Che still dead after all these years

It was 51 years ago this week when Che was captured and executed.  His "revolution" in Bolivia failed miserably, in large part because he couldn't get local support or fight well trained soldiers.

What was Che doing in Bolivia?  Why did he disappear in 1965 and then show up in Bolivia?  There are lots of potential reasons, as my friend Humberto Fontova wrote in his great book Exposing the Real Che Guevara and the Useful Idiots Who Idolize Him.

My late father always said Che was given two options: a firing squad for treason or go start your own revolution.  He based his theory on public statements that Che made during an international tour of Africa, North Vietnam, and China.

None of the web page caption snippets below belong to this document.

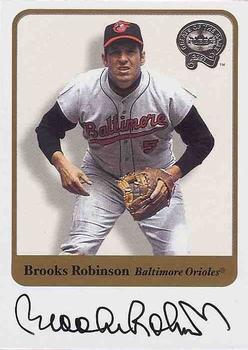 2001 Fleer Greats of the Game - Autographs #NNO Brooks Robinson Front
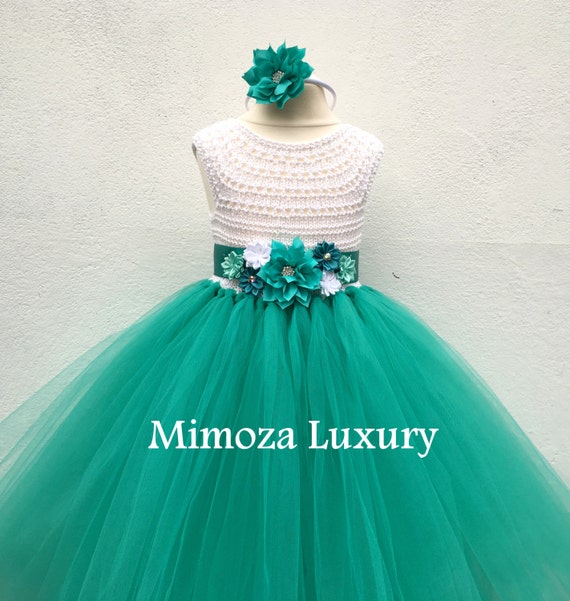 Tropical Flower girl dress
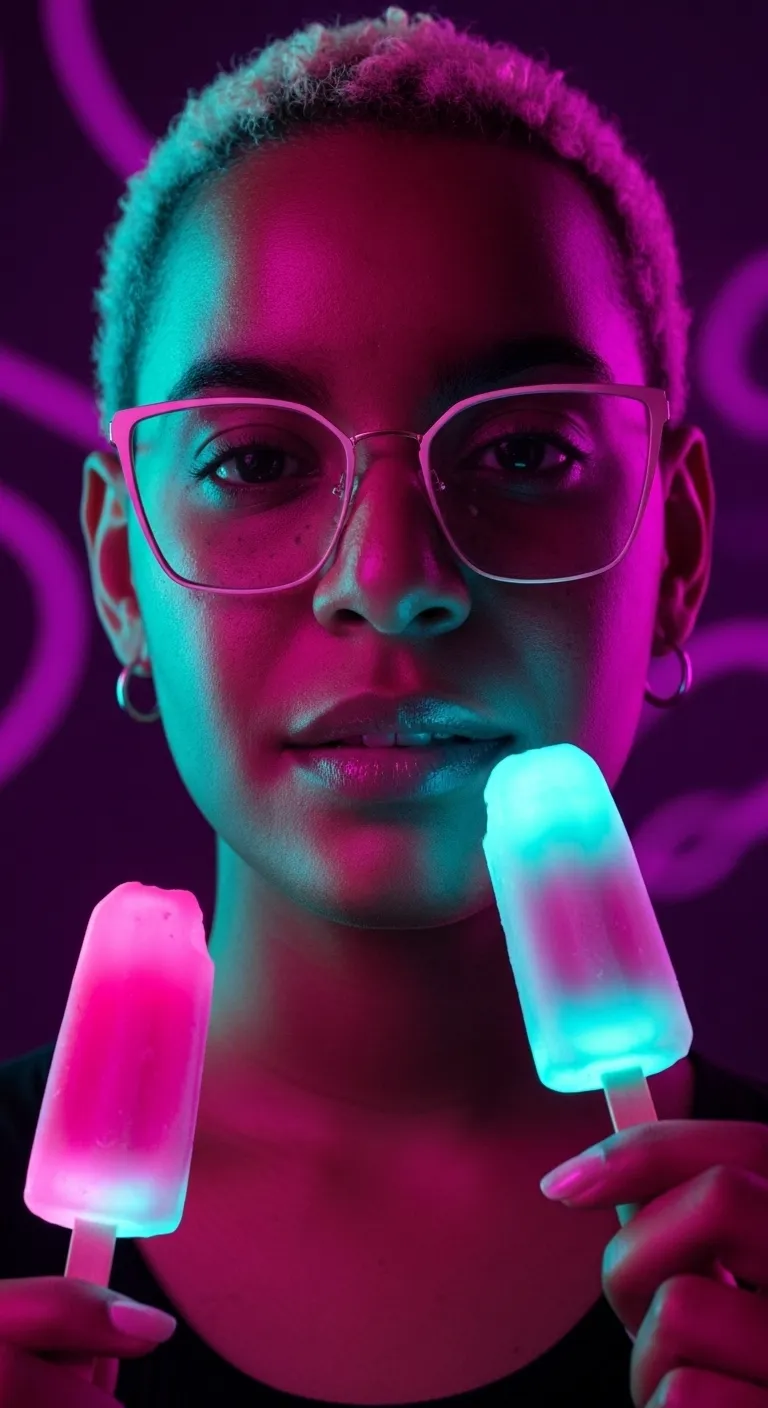 Neon Popsicle Portrait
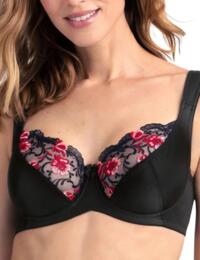 Miss Mary of Sweden Shine Full Cup Bra Black
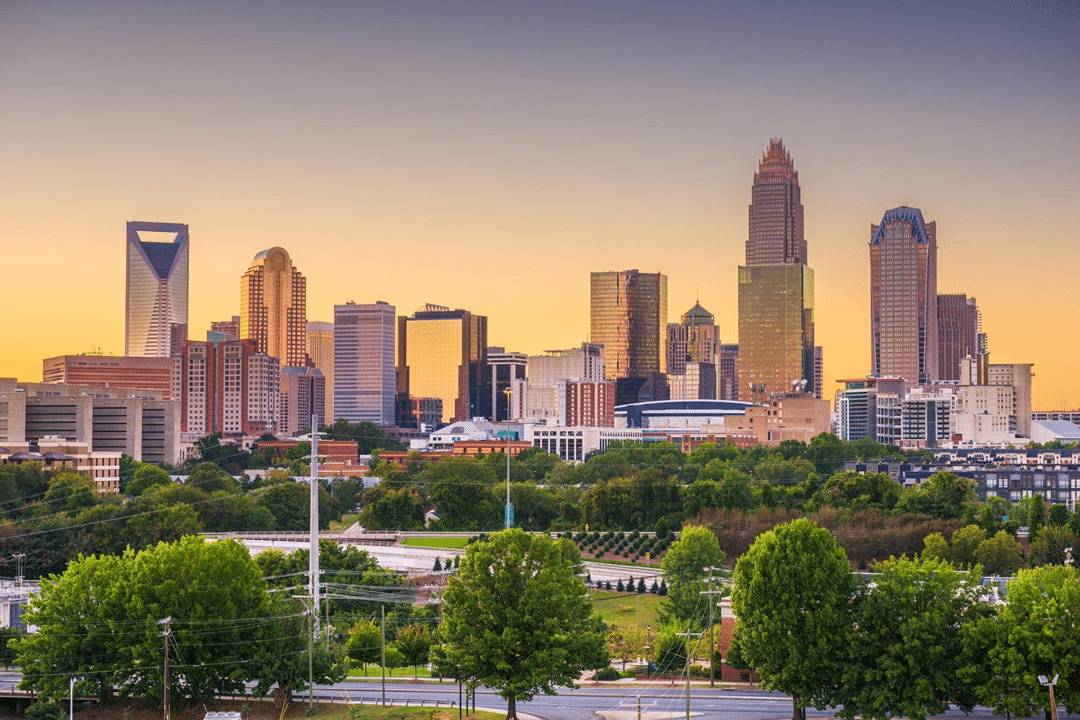 Charlotte North Carolina USA Skyline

Furthermore, other people close to Fidel Castro died "accidentally," like Camilo Cienfuegos; others were thrown in jail, like Huber Matos; and some were executed, like William Morgan, a U.S. national who joined Castro in the late 1950s.

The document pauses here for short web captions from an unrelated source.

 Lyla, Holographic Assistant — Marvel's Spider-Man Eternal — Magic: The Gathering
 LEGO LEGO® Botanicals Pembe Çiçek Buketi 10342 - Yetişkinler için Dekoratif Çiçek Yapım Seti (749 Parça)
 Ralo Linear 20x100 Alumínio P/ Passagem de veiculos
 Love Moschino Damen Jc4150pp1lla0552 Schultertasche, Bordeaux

Who knows for sure?  Perhaps a Raúl Castro memoir will shed some light on the issue.

Once again, let me say it over and over again: if you love Che, you do not love freedom.

One of my favorite quotes about Che came from William Meyers:

Che's picture was certainly not displayed during the Solidarity protests in Poland in the 1980s or in the Tiananmen Square demonstration in China in 1989, when men and women genuinely hazarded their lives for freedom.

That's right.

Che continues to be popular with the anti-U.S. crowd.  He is not very respected by those who lived under communism, such as the Polish workers and Chinese dissidents.

Che was a killer.  He did not hold a single election or tolerate any dissent.  Che was properly executed this week in 1967.